The users of the old software and old-fashioned methods will never know the genuine thrill known by most search lawyers using AI enhanced methods like Predictive Coding 4.0. The good times roll when you see that the AI you have been training has absorbed your lessons. When you see the advanced intelligence that you helped create kick-in to complete the project for you. When you see your work finished in record time and with record results. It is sometimes amazing to see the AI find documents that you know you would never have found on your own. Predictive coding AI in superhero mode can be exciting to watch.
My entire e-Discovery Team had a great time watching Mr. EDR do his thing in the thirty Recall Track TREC Topics in 2015. We would sometimes be lost, and not even understand what the search was for anymore. But Mr. EDR knew, he saw the patterns hidden to us mere mortals. In those cases we would just sit back and let him do the driving, occasionally cheering him on. That is when my Team decided to give Mr. EDR a cape and superhero status. He never let us down. It is a great feeling to see your own intelligence augmented and save you like that. It was truly a hybrid human-machine partnership at its best. I hope you get the opportunity soon to see this in action for yourself.
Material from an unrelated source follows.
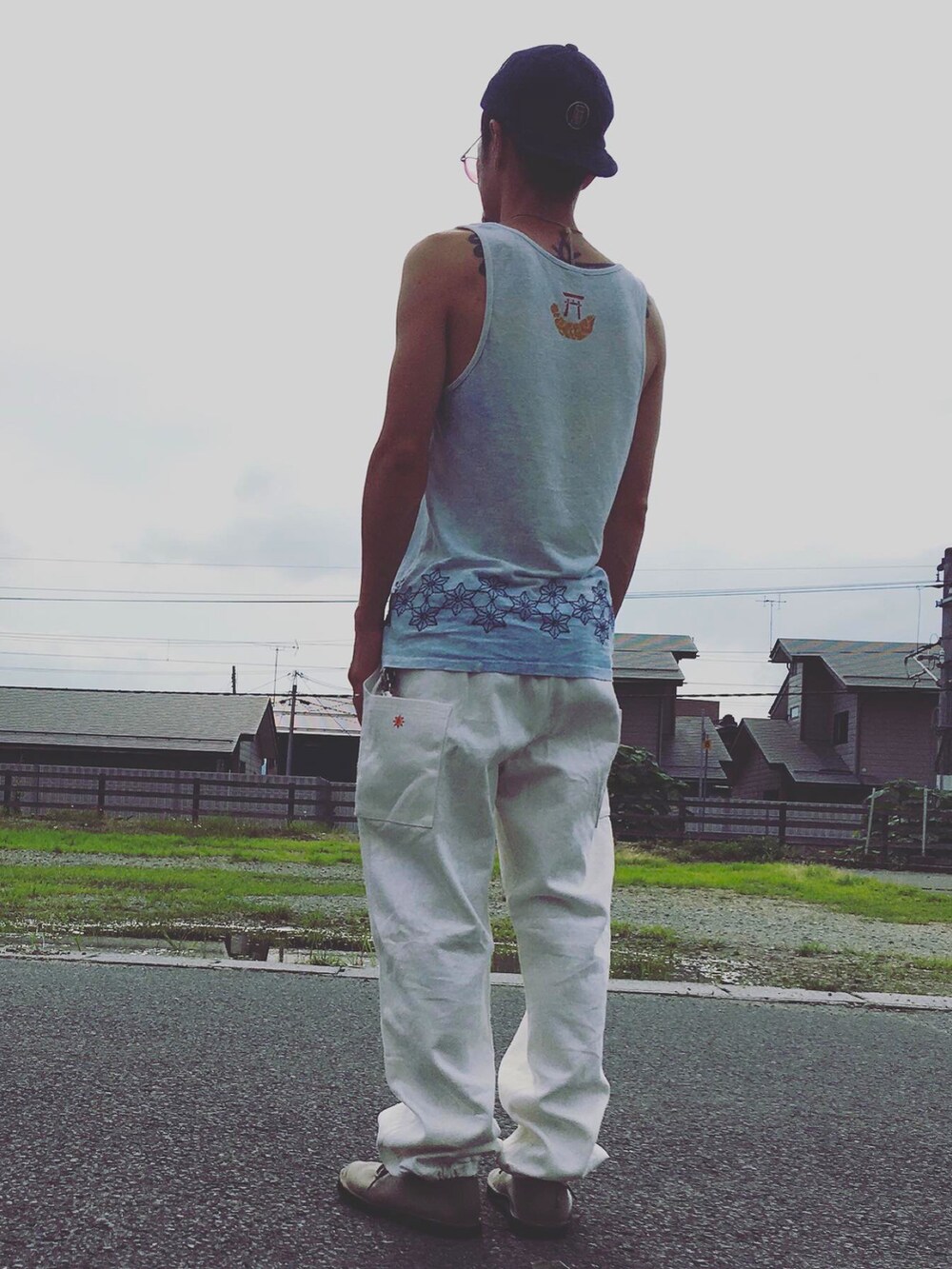 ホワイト系のパンツ、ブルー系のトップスを着用したメンズの夏コーディネートの4枚目の写真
Our experience in TREC 2016 was very different, but still made us glad to have Mr. EDR around. This time most of the search projects were simple enough to find the relevant documents without his predictive coding superpowers. As mentioned, we verified in test conditions that the skilled use of Tested, Parametric Boolean Keyword Search is very powerful. Keyword search, when done by experts using hands-on testing, and not simply blind Go Fish keyword guessing, is very effective. We proved that in the 2016 TREC search projects. As explained in Part Four of this series, the keyword appropriate projects are those where the data is simple, the target is clear and the SME is good. Still, even then, Mr. EDR was helpful as a quality control assistant. He verified that we had found all of the relevant documents.
Bottom line for the e-Discovery Team at this time is that the use of all methods is appropriate in all projects, even in simple searches where predictive coding is not needed to find all relevant documents. You can still use active machine learning in simple projects as a way to verify the effectiveness of your keyword and other searches. It may not be necessary in the simple cases, but it is still a good search to add to your tool chest. When the added expense is justified and proportional, the use of predictive coding can help assure you, and the other side, that a high quality effort has been made.
The multimodal approach is the most effective method of search. All search tools should be used, not only Balanced Hybrid – IST active machine learning searches, but also concept and similarity searches, keyword search and, in some instances, even focused linear review. By using some or all search methods, depending on the project and challenges presented, you can maximize recall (the truth, the whole truth) and precision (nothing but the truth). That is the goal of search: effective and efficient. Along the way we must exercise caution to avoid the errors of Garbage in, Garbage Out, that can be caused by poor SMEs. We must also guard against the errors and omissions, low recall and low precision, that can arise from substandard software and methods. In our view the software must be capable of all search methods, including active machine learning, and the methods used should too.